Eu comecei minha vida política enfrentando a ditadura. A ditadura arranca a voz. A cultura, a arte, a ciência não crescem em um regime ditatorial. São cerceadas, censuradas. Nada existe sem liberdade. E o que estamos vivendo agora é uma construção de uma ditadura. Trocaram-se as fardas pelos paletós, bem apertados, as botas pelos sapatos de luxo, as baionetas pelos microfones e as canetas. Só construiremos uma democracia de alta intensidade, que esteja nas ruas, nos bares, nas casas, em todos os cantos, se tivermos um aumento expressivo da participação popular.

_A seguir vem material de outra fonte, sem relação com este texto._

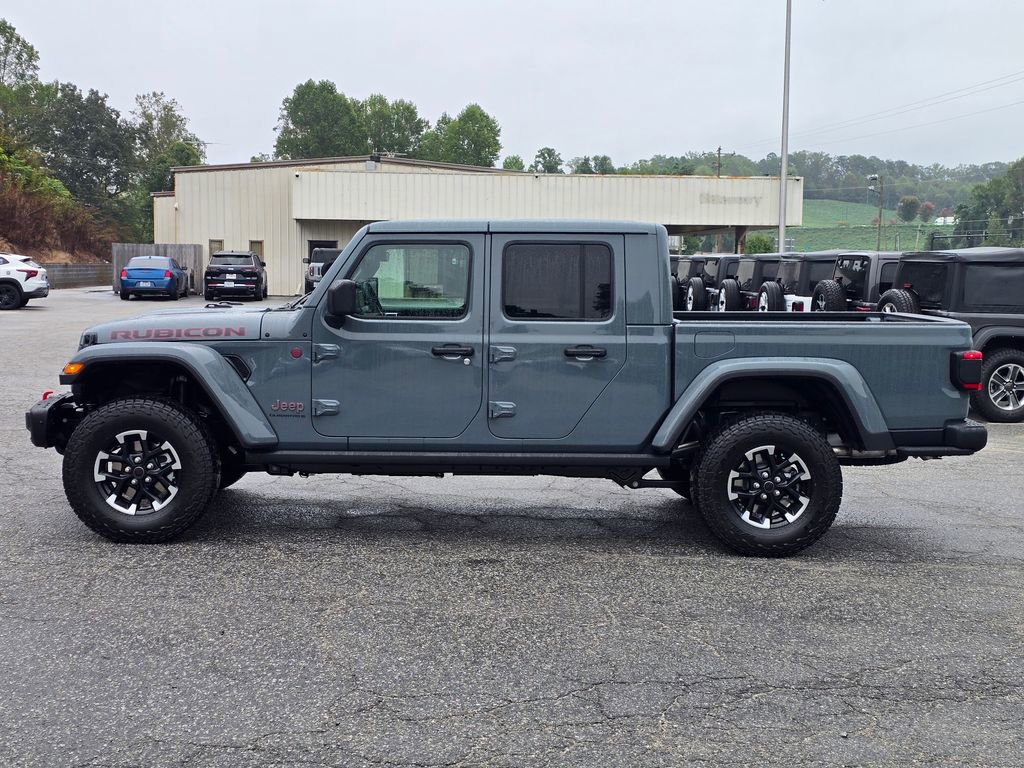 New 2025 Jeep Gladiator Rubicon image 16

Não é este parlamento branco, masculino e com ares fundamentalistas que vai construir esse panorama.
Devemos temer a possibilidade de um Bolsonaro presidente?
Eu diria que não dá mais para menosprezar o absurdo. Mas o ovo de serpente a gente não ignora, a gente enfrenta.
Saiba mais…
Com 41 anos de vida política, a cearense Erika Kokay desembarcou em Brasília na década de 1970, em plena ditadura. Em pouco tempo, aderiu ao movimento estudantil. Na UnB, onde cursava psicologia, passou a discusar em prol da liberdade de expressão. Acabou expulsa. Formou-se somente 10 anos depois, após a anistia. Nos anos 1990, ganhou voz no movimento dos bancários. Em 2002, encara o primeiro mandato como deputada distrital, para o qual seria reeleita. Atualmente, exerce o segundo mandato como deputada federal, depois de receber 92 mil votos nas últimas eleições.